▶ **Task instructions**: Everything from the line with "Foto del paso" down to the line with "Romana Lascar Catariu" below must be printed exactly, those two lines included. Exclude pictures.

▶ **Data to process**:
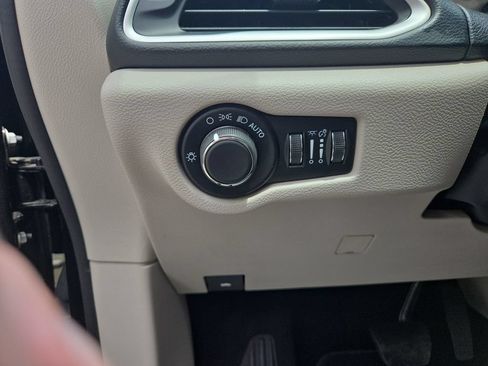 Used 2023 Chrysler Voyager LX FWD image 30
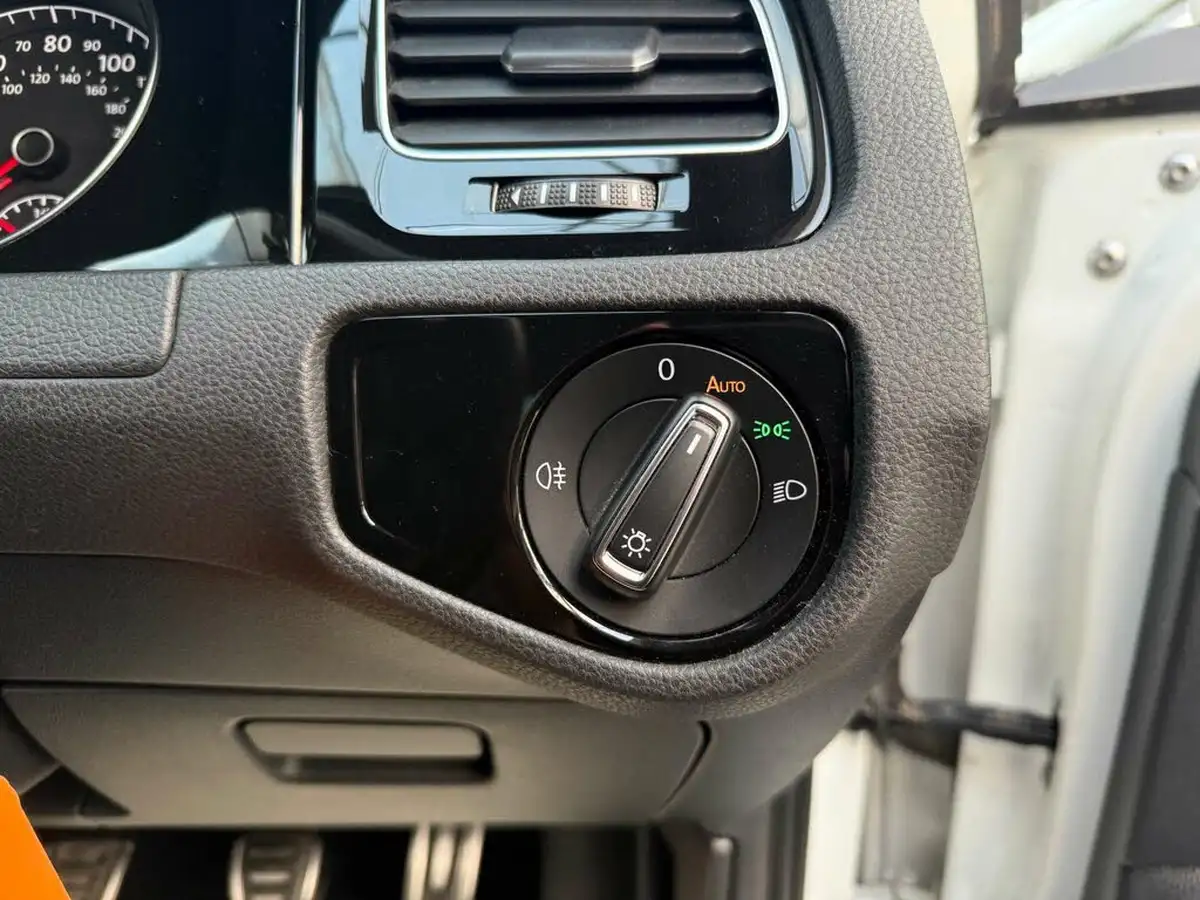 2017-volkswagen-golf-15-tsi-r-line-5d-big-25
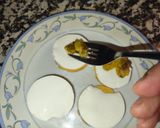 Foto del paso 3 de la receta: Almejas sentadas en tostas de pan en cojín de láminas de queso fresco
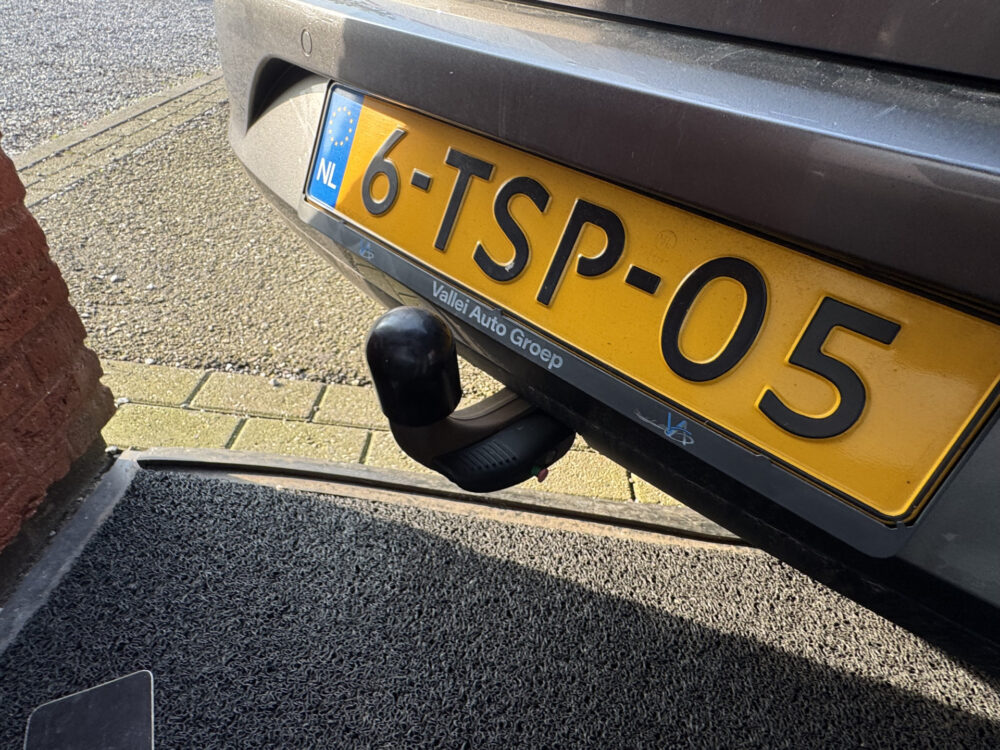 SEAT Leon ST 1.2 TSI Style First Edition // NAVI // PDC V + A // TREKHAAK // CRUISE // BOEKJES ERBIJ NETJES ONDERHOUDEN // 24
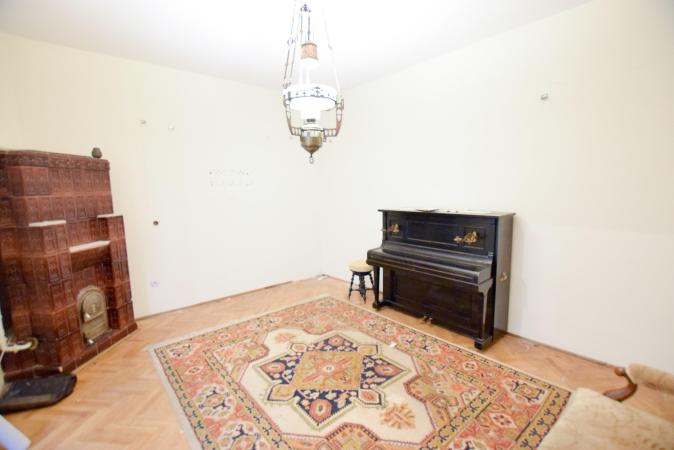 Romana Lascar Catariu Victoriei Spatiu comercial birouri Vila P+1 160mp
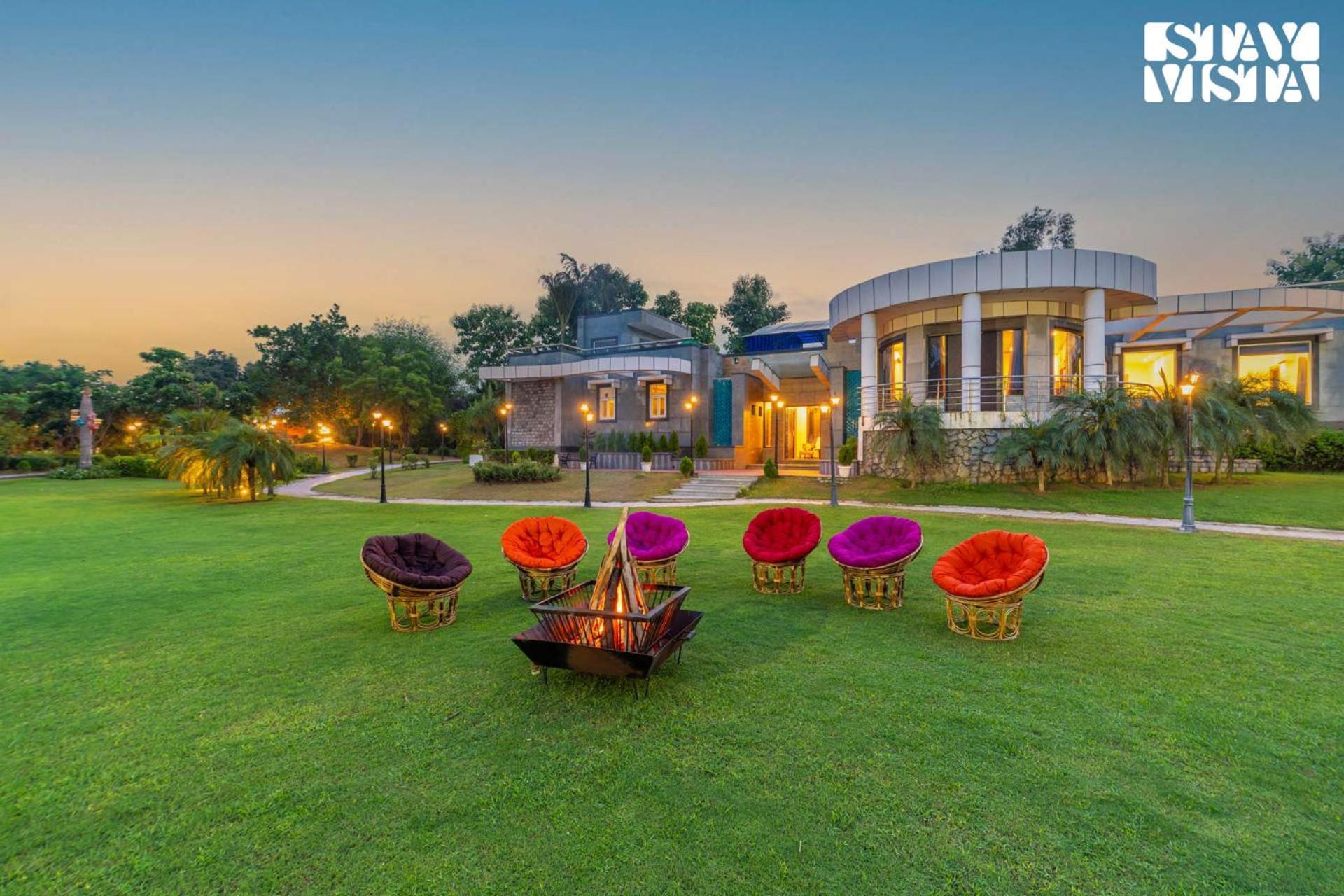 Stayvista At Wandering Vines Indoor Pool 4Bhk Luxury Villa In Delhi Sohna מראה חיצוני תמונה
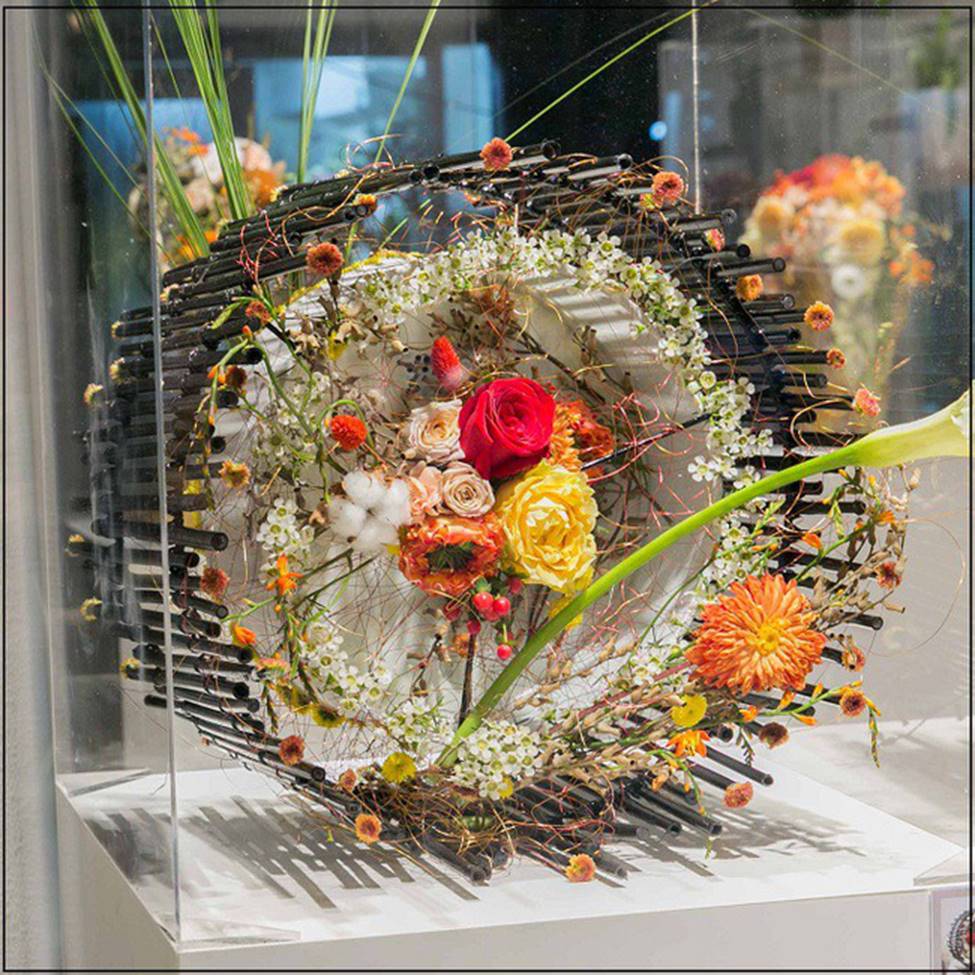 Đây là 9 bình/lẵng hoa đắt khủng khiếp trong ngày 20/10 mà nhiều chị em đã được tặng-8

▶ **Finished task**:
 Foto del paso 3 de la receta: Almejas sentadas en tostas de pan en cojín de láminas de queso fresco
 SEAT Leon ST 1.2 TSI Style First Edition // NAVI // PDC V + A // TREKHAAK // CRUISE // BOEKJES ERBIJ NETJES ONDERHOUDEN // 24
 Romana Lascar Catariu Victoriei Spatiu comercial birouri Vila P+1 160mp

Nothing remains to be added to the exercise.